*Your objective*.
Each line below from the one containing "FAFC Blossom Adult" through the one containing "H&M Oversized Lyocell-blend Shirt" is to be given again exactly, and no line outside that span.

Start of Study material

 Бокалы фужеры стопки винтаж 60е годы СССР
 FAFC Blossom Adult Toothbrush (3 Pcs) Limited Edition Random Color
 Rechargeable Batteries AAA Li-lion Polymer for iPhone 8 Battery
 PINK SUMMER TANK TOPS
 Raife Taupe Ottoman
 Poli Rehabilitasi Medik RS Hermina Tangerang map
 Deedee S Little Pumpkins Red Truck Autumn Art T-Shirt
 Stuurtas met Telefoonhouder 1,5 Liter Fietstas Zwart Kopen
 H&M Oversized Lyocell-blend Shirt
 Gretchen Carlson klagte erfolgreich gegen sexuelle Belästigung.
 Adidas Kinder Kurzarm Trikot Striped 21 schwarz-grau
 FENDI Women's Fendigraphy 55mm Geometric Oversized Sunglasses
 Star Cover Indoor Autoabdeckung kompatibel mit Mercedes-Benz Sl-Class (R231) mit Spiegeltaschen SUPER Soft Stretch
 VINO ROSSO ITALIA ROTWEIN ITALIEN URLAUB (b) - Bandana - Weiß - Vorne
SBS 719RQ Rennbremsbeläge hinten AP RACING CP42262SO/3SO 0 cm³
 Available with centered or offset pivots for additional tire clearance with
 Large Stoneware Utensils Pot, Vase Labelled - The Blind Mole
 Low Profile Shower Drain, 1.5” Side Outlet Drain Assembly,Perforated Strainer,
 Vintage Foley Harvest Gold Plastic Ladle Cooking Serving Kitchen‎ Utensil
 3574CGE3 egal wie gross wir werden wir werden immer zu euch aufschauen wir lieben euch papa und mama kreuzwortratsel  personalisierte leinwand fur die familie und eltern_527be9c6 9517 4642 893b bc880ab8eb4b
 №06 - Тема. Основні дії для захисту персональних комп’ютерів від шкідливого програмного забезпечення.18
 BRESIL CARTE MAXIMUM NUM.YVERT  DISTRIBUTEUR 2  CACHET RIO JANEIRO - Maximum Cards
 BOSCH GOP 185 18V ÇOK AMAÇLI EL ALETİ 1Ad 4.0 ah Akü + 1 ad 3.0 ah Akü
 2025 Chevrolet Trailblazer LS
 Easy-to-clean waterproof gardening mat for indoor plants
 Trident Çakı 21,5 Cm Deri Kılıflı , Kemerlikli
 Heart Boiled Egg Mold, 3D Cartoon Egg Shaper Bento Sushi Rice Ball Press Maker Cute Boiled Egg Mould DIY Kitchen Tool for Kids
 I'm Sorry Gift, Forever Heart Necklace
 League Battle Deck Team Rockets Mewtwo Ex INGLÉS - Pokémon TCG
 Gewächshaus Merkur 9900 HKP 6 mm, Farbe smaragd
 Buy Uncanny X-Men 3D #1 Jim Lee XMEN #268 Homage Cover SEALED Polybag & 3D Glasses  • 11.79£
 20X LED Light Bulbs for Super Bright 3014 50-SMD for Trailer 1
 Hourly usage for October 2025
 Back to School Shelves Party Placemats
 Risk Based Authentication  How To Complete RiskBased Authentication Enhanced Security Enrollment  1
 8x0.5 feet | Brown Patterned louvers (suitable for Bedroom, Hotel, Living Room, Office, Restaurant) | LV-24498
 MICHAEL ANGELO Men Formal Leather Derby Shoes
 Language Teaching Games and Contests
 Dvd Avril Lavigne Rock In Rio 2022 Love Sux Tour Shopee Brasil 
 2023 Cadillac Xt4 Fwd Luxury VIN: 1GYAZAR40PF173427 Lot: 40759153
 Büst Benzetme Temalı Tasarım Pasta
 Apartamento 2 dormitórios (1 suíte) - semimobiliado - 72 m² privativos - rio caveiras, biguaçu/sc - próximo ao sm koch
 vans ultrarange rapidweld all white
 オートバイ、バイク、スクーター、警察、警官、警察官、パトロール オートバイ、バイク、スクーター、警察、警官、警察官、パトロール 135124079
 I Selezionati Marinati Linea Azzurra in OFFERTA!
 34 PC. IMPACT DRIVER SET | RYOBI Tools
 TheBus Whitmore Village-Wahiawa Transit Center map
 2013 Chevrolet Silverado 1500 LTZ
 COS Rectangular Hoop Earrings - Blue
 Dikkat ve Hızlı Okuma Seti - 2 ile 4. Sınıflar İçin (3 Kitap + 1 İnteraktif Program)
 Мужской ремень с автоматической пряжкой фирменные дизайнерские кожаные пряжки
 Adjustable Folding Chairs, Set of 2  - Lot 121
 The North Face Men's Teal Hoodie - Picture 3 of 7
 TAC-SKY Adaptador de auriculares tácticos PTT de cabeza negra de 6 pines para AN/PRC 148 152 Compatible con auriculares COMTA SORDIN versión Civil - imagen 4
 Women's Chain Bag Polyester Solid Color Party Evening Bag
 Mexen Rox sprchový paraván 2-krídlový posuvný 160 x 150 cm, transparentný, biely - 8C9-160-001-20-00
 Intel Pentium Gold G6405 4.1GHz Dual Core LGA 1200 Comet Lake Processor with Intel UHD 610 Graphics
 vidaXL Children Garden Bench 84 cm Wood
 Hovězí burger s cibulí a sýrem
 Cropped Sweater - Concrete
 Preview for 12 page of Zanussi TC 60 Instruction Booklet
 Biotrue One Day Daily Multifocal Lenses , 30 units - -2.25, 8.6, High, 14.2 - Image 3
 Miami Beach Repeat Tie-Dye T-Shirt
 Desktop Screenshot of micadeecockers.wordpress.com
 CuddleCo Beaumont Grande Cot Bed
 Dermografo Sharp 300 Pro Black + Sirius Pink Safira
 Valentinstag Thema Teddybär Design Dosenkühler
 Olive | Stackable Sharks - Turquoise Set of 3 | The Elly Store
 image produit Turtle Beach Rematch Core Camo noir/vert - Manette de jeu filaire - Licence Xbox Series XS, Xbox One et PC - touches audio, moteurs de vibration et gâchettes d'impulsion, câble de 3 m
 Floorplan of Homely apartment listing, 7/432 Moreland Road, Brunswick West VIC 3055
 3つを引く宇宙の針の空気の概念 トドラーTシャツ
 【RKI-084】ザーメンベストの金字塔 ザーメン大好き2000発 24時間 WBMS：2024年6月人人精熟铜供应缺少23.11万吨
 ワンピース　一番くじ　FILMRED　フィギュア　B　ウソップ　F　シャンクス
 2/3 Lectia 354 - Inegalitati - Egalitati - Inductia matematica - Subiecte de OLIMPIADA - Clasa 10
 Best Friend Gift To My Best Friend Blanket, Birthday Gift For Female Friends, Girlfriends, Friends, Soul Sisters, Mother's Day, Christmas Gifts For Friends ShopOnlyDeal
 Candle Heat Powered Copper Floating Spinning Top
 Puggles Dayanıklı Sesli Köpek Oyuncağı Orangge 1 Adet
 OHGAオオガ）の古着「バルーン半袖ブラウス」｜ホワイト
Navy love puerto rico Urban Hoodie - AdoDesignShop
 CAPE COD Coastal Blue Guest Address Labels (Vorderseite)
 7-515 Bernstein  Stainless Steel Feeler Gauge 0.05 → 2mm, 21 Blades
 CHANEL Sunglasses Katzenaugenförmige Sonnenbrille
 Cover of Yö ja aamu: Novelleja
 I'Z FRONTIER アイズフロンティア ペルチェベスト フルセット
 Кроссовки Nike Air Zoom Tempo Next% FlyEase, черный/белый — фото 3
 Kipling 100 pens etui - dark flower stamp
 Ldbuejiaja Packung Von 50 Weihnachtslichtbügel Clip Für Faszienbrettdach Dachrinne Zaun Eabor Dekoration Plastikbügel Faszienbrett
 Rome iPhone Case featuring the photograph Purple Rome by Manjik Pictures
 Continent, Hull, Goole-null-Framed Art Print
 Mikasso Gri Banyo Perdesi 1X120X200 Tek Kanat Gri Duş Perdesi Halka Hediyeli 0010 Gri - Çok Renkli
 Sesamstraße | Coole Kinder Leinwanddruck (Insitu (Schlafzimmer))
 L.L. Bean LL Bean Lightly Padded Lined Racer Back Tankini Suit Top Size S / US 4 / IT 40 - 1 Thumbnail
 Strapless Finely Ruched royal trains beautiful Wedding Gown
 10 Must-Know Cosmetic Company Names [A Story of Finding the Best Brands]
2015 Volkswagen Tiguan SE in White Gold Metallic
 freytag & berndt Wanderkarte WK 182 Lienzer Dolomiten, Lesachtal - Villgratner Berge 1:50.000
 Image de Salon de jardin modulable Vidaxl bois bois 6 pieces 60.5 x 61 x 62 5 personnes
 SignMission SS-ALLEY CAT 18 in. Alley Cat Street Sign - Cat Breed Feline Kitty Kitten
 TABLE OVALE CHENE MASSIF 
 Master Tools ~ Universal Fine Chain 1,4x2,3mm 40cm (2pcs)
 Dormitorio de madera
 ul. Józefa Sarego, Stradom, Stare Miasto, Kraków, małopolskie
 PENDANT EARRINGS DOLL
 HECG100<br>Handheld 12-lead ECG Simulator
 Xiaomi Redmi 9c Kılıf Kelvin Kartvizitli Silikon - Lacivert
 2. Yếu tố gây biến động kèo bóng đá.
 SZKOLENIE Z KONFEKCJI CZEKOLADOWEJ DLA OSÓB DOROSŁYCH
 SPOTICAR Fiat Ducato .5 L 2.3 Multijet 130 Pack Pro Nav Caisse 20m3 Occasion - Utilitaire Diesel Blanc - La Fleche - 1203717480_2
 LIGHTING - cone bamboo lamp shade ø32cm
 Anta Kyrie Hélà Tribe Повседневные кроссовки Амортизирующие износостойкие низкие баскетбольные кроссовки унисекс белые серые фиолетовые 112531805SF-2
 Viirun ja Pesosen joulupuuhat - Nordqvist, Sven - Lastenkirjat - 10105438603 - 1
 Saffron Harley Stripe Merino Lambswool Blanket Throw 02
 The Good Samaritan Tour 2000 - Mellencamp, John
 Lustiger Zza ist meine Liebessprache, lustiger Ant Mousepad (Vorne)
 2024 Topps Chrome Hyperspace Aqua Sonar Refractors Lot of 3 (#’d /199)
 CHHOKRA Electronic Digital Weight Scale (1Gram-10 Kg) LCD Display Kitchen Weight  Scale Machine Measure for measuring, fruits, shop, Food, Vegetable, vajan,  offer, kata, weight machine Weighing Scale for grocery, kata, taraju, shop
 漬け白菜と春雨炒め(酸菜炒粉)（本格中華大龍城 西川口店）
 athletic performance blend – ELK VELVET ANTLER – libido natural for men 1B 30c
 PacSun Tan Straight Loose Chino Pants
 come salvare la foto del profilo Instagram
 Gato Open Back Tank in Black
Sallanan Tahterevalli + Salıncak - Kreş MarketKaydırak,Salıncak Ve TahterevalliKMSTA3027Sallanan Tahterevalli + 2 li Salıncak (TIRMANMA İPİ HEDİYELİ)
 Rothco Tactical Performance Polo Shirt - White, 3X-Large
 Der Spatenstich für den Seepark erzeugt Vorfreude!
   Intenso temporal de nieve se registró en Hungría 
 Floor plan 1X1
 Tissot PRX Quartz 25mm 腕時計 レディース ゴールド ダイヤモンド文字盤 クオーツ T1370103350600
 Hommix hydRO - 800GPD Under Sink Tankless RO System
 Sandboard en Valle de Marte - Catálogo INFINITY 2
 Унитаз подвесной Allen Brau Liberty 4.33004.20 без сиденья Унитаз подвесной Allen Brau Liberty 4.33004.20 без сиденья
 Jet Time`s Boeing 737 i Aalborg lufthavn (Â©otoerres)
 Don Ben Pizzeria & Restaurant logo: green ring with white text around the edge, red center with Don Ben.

End of Study material

*Output*.
 FAFC Blossom Adult Toothbrush (3 Pcs) Limited Edition Random Color
 Rechargeable Batteries AAA Li-lion Polymer for iPhone 8 Battery
 PINK SUMMER TANK TOPS
 Raife Taupe Ottoman
 Poli Rehabilitasi Medik RS Hermina Tangerang map
 Deedee S Little Pumpkins Red Truck Autumn Art T-Shirt
 Stuurtas met Telefoonhouder 1,5 Liter Fietstas Zwart Kopen
 H&M Oversized Lyocell-blend Shirt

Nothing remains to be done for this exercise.